La Generazione X dovrà risorgere dalle ceneri del suo
decennale oblio rinnegando i cattivi maestri da cui si è lasciata abbindolare o
guidare per inerzia e riscoprendo con calma tutte le grandi menti che hanno
illuminato di intelligenza e lungimiranza il cammino della nostra civiltà. E
non parlo soltanto di celebrità come Keynes o Marx, ma anche di sconosciuti e
anonimi professori e studiosi di provincia, che per lungo tempo hanno dovuto
vivere nell’indifferenza più assoluta, nell’isolamento completo, lontani dai
riflettori della ribalta pubblica, per far posto a personaggi indecenti e
impresentabili come i vari Alesina, Giavazzi, Monti, Zingales, Boldrin, Giannino.
A tal proposito, vi propongo di seguito l’introduzione e la conclusione di un’analisi molto lucida e interessante (nonché discutibile in ogni sua parte, come le opere
più riuscite dell’intelligenza e dell’ingegno umano) trovata per caso
scartabellando su internet, fatta dal professore di politica economica Concetto Paolo Vinci nel lontano 2000,
molto prima che il disastro annunciato
dell’euro e dell’unificazione monetaria venisse traumaticamente alla luce.

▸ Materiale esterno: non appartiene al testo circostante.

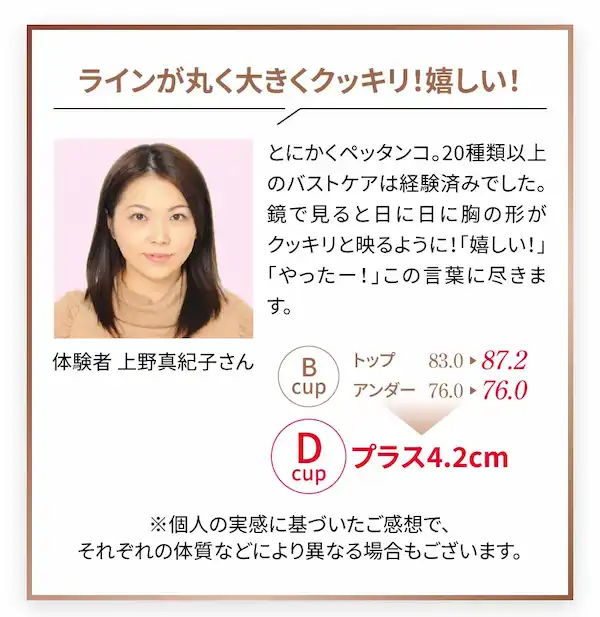 バストラインが丸く大きくクッキリ！導しい！ 体験者 上野真紀子さん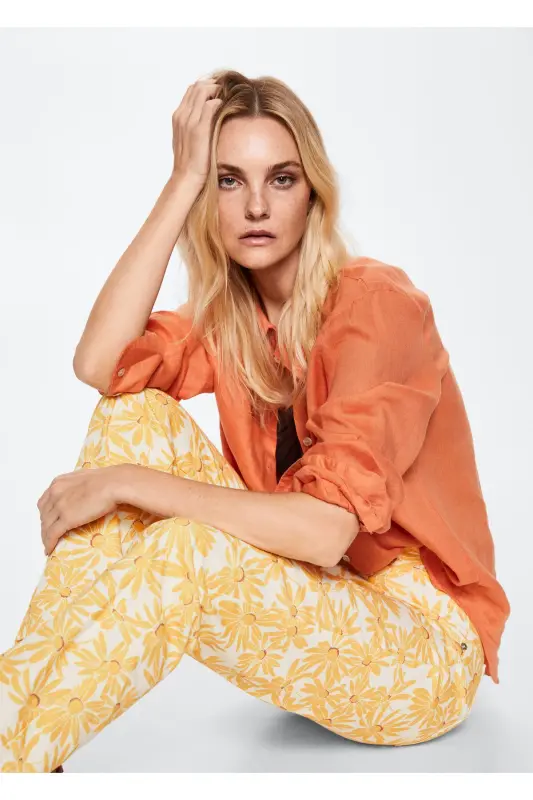 Sari Kadın Yetişkin Pantolon 37061307-Sari - 6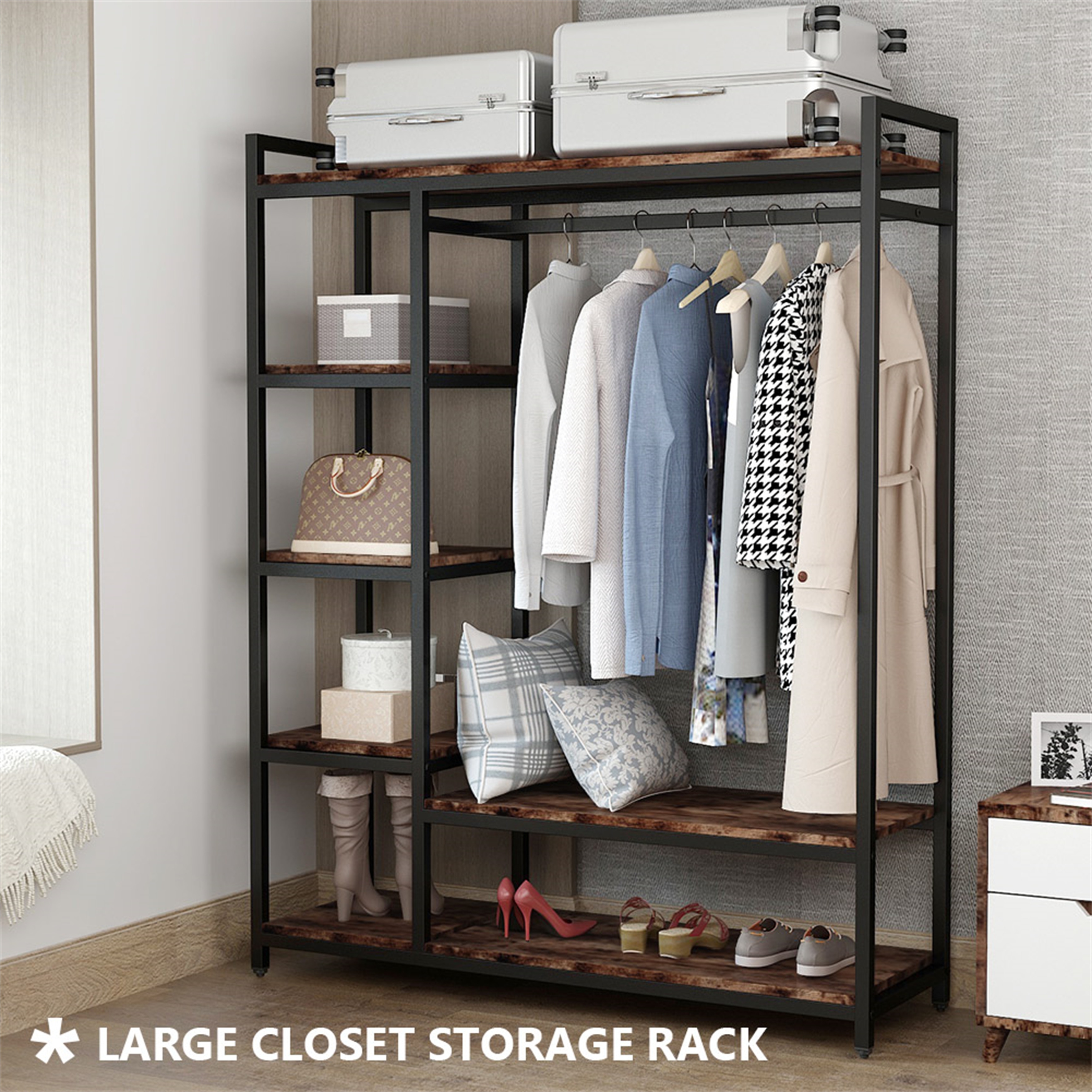 Brown Black Wood Industrial Clothing rack with shelves 5 Tier Clothes Garment Rack Closet Organizer System with Hanging Rod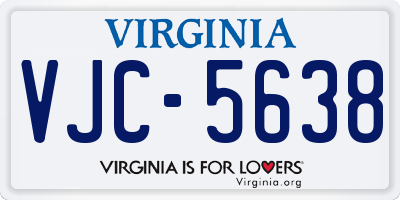 VA license plate VJC5638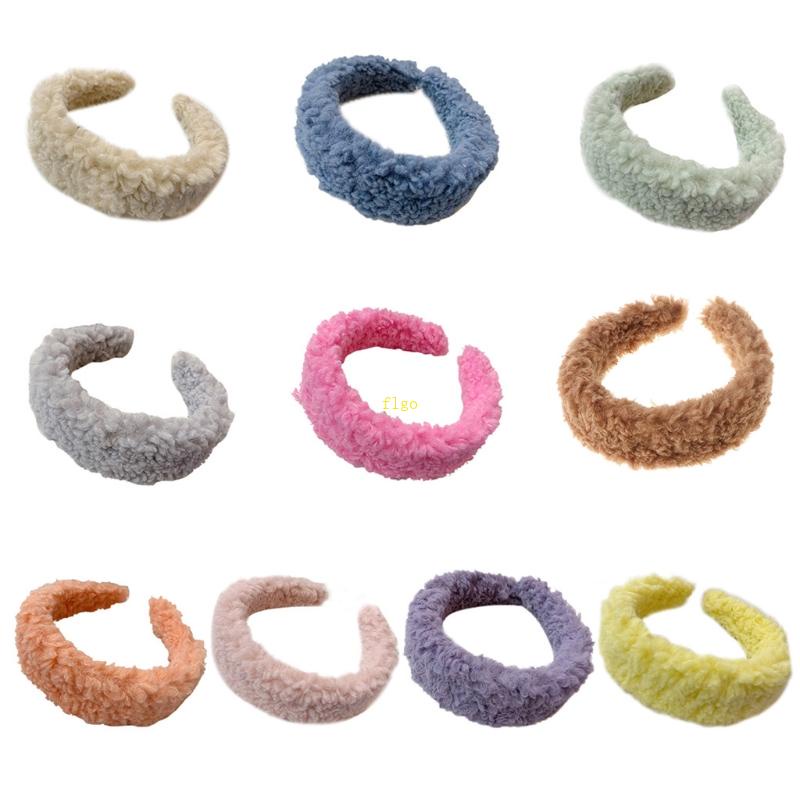 Băng Đô Cài Tóc Vải Lông Dày Dặn Màu Sắc Kẹo Ngọt Thời Trang Mùa Đông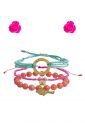 Set Pulseras y Aretes Floripondia Best Friends Rosado-Azul de Floripondia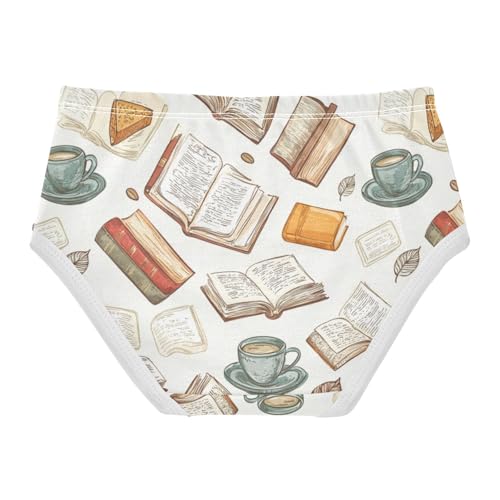 ZZKKO Retro Literary Style Books Girls Underwear Toddler Panties for Girls Comfort Brief Size 2T-8Y2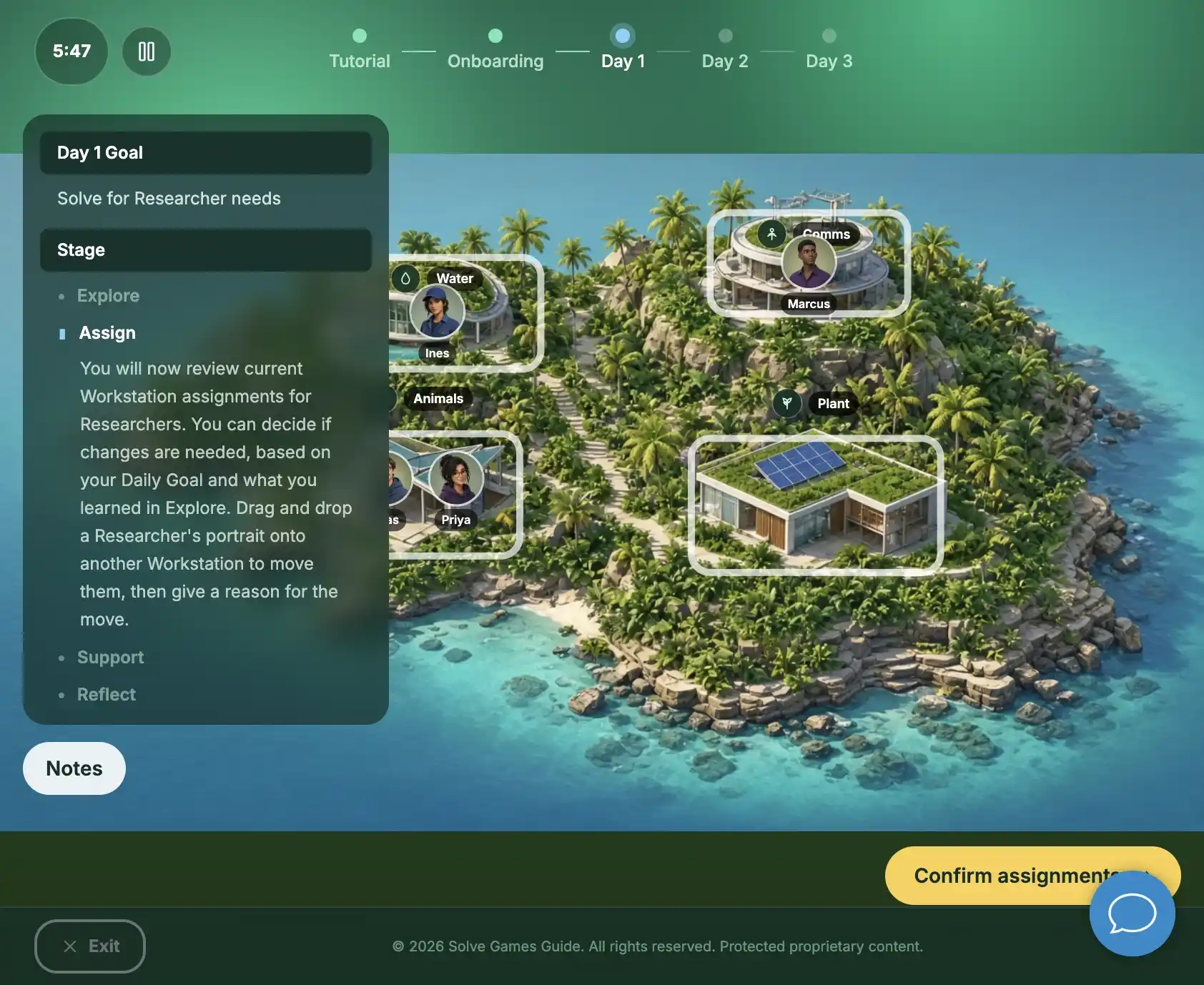 Lab Leader Assign stage: Researchers placed on Workstations across the island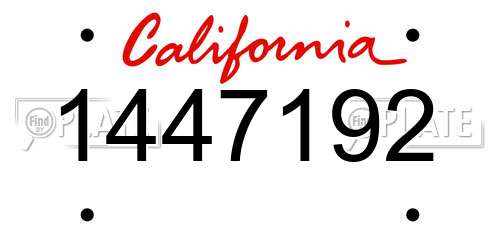 1447192 California License Plate
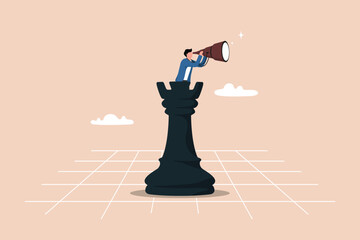 Success strategies, forward planning to win business competition, leadership vision or looking for opportunities, business leaders stand on the rook chess pieces with binoculars to look ahead. © NASIH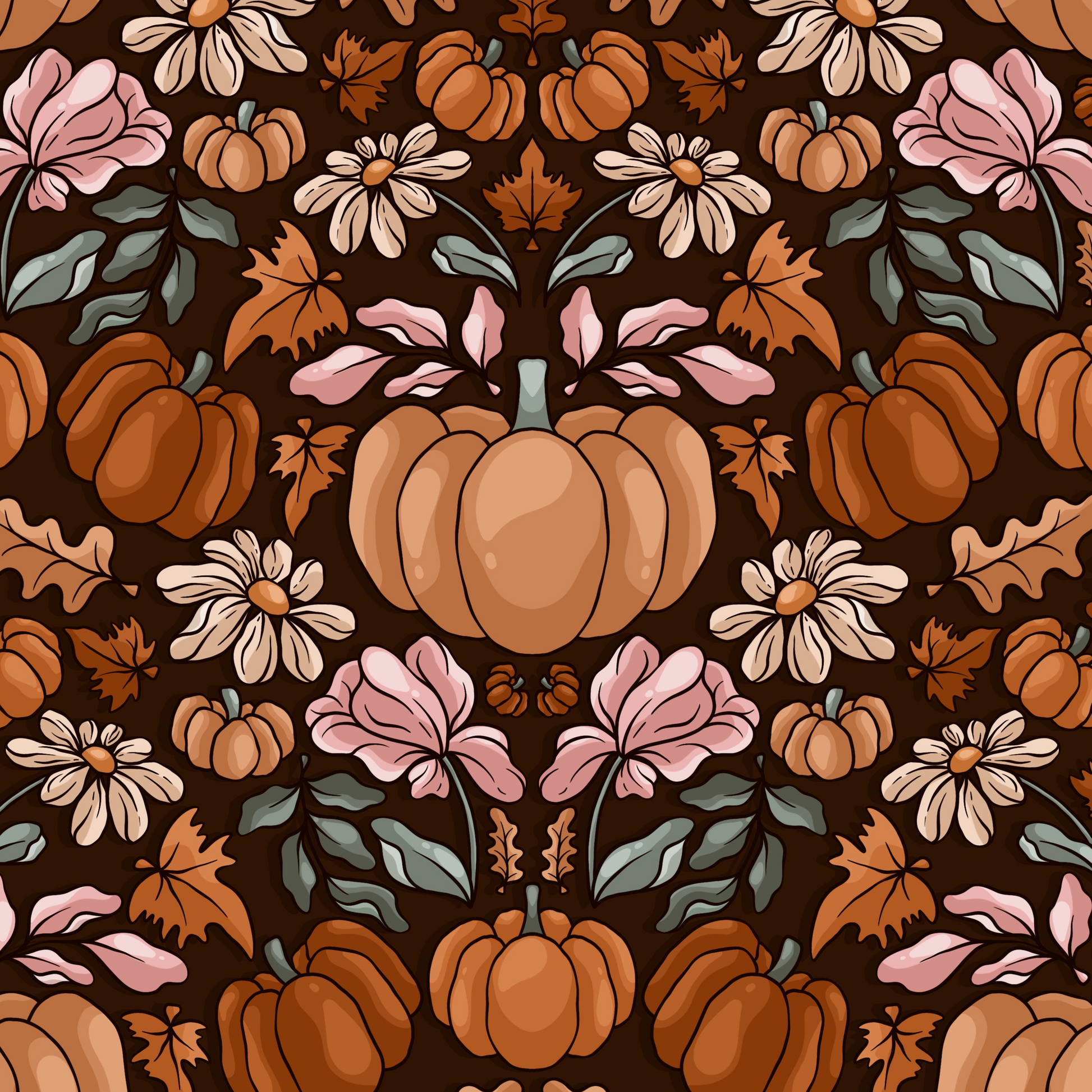 Pattern of pumpkins, flowers, and leaves on a brown background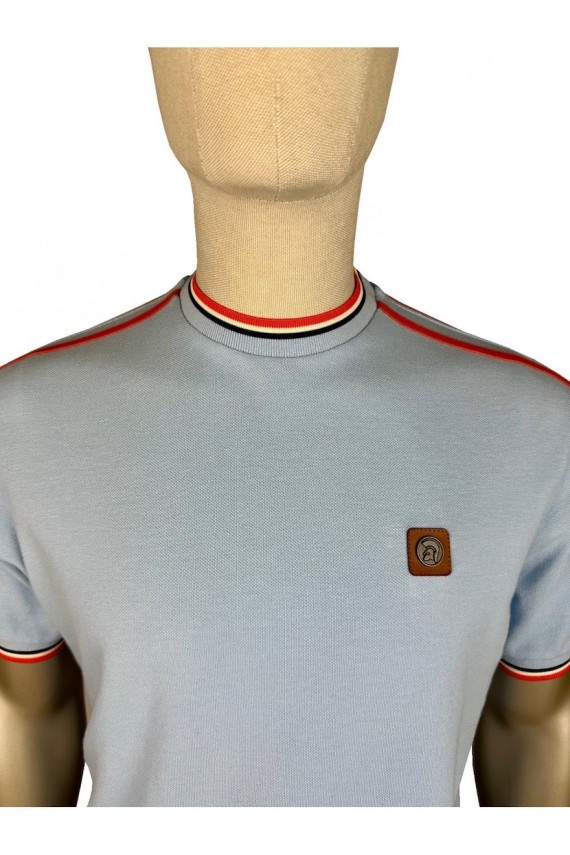 TC1042 Three Colour Tipped Pique T Shirt Powder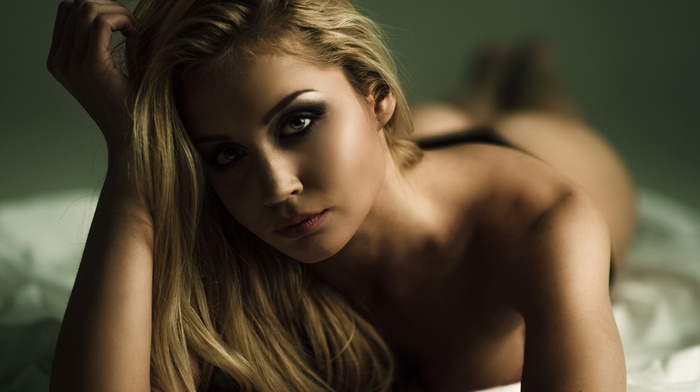 topless, blonde, girl, strategic covering, portrait, depth of field, face, in bed, ass, model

Mi sembrava giusto rendere omaggio ad una voce che forse ai suoi tempi è stata
bruscamente zittita e redarguita, perché troppo fuori dal coro. Parlo con
rammarico, dato che oggi avrei pagato il doppio delle tasse universitarie per
avere un professore così. Mentre anche io purtroppo, come molti dei miei
coscritti della Generazione X, ho avuto pessimi maestri e inqualificabili
professori. E tutto quello che so oggi ho dovuto impararlo da solo, da perfetto
autodidatta, testandolo sulla carne viva e a sangue caldo.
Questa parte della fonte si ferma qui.